In 2010, Guinea was a source, transit, and to a lesser extent, a destination country for men, women, and children subjected to trafficking in persons, specifically in the areas of forced labor and forced prostitution. The majority of victims were children, and these incidents of trafficking were more prevalent among Guinean citizens than among foreign migrants living in Guinea. Within the country, girls were largely subjected to involuntary domestic servitude and commercial sexual exploitation, while boys were subjected to forced begging and forced labor as street vendors, shoe shiners, and laborers in gold and diamond mines. Some Guinean men are also subjected to forced agricultural labor within Guinea. Smaller numbers of girls from Mali, Sierra Leone, Nigeria, Ghana, Liberia, Senegal, Burkina Faso, and Guinea-Bissau migrate to Guinea, where they were subjected to involuntary domestic servitude and likely also commercial sexual exploitation. Some Guinean boys and girls were subjected to forced labor in gold mining operations in Senegal, Mali, and possibly other African countries. Guinean women and girls were subjected to involuntary domestic servitude and forced prostitution in Nigeria, Côte d'Ivoire, Benin, Senegal, Greece, and Spain.

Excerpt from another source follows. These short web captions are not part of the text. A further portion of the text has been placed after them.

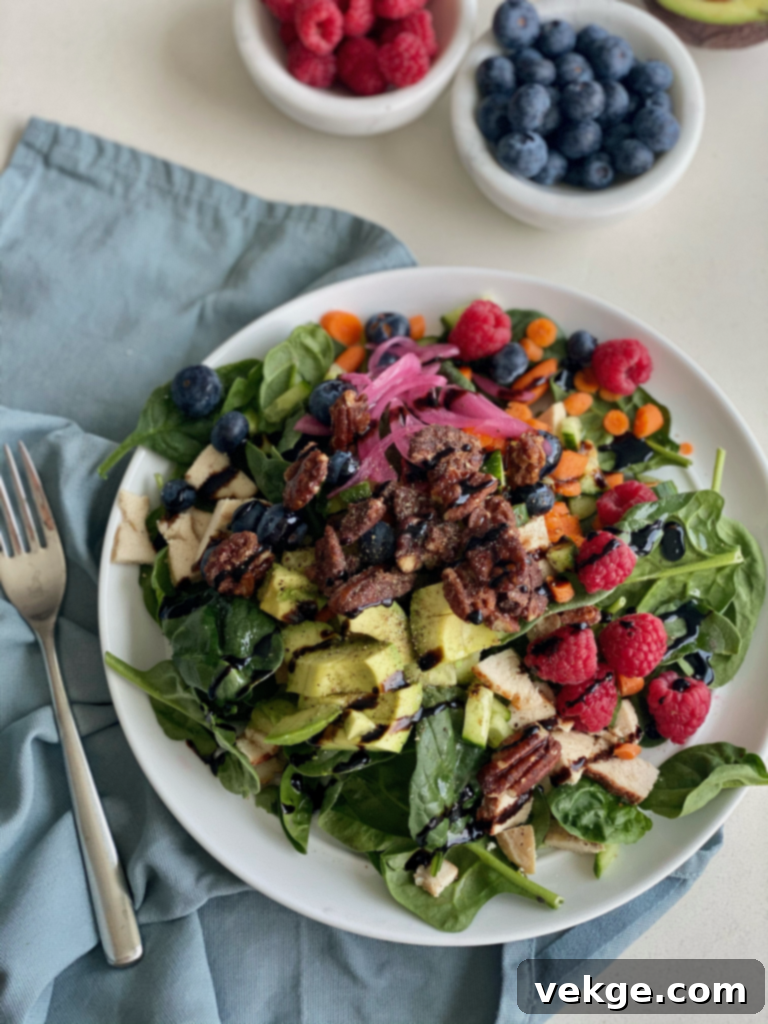 A vibrant and colorful Spinach Berry Salad with chicken, berries, and nuts, drizzled with dressing.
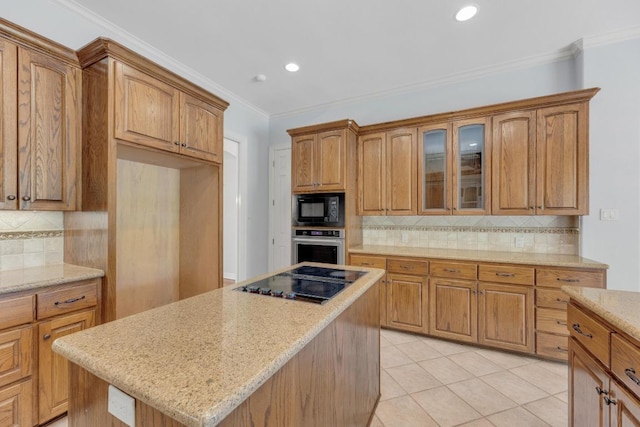 kitchen with a center island, brown cabinetry, black appliances, light stone countertops, and backsplash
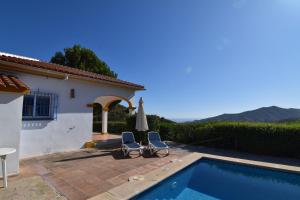 a house with a swimming pool and two chairs and an umbrella at Villa La Frasca with private Pool in Corumbela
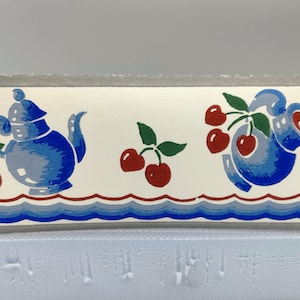 May include: A rectangular, white container with a gray rim and two metal handles. The container is decorated with blue teapots and red cherries. A blue and red wave pattern runs along the bottom.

Chinese women were trafficked to Guinea for commercial sexual exploitation by Chinese traffickers. Networks also trafficked women from Nigeria, India, and Greece through Guinea to the Maghreb and onward to Europe, notably Italy, Ukraine, Switzerland, and France for forced prostitution and involuntary domestic servitude.

== Background ==
Also in 2010, the Government of Guinea did not fully comply with the minimum standards for the elimination of trafficking; however, it made significant efforts to do so, despite limited resources. The government sustained its efforts to investigate alleged trafficking crimes and detain suspected trafficking offenders during the reporting period. The junta, however, made minimal progress toward combating human trafficking in Guinea since coming to power in a coup d'etat in December 2008. While Guinea had an adequate anti-trafficking legal framework, which it had strengthened by enacting the Child Code of 2008, the junta did not report any trafficking prosecutions or convictions for the second year in a row, and protection and prevention efforts remained weak. Therefore, Guinea was placed on the "Tier 2 Watch List" for the third consecutive year. In February 2009, the head of government issued a declaration giving security forces the right to shoot anyone apprehended while trafficking a human being, raising significant human rights concerns. In the same month, the National Committee to Combat Human Trafficking met to evaluate the 2005–2006 National Action Plan and to outline an updated version for 2009–2011 but released no such document to the public. Many ministries claimed involvement in efforts to address trafficking, but the country was severely limited in its ability to address the problem due to budget constraints, capacity limitations, and unclear allocation of law enforcement and social welfare responsibilities.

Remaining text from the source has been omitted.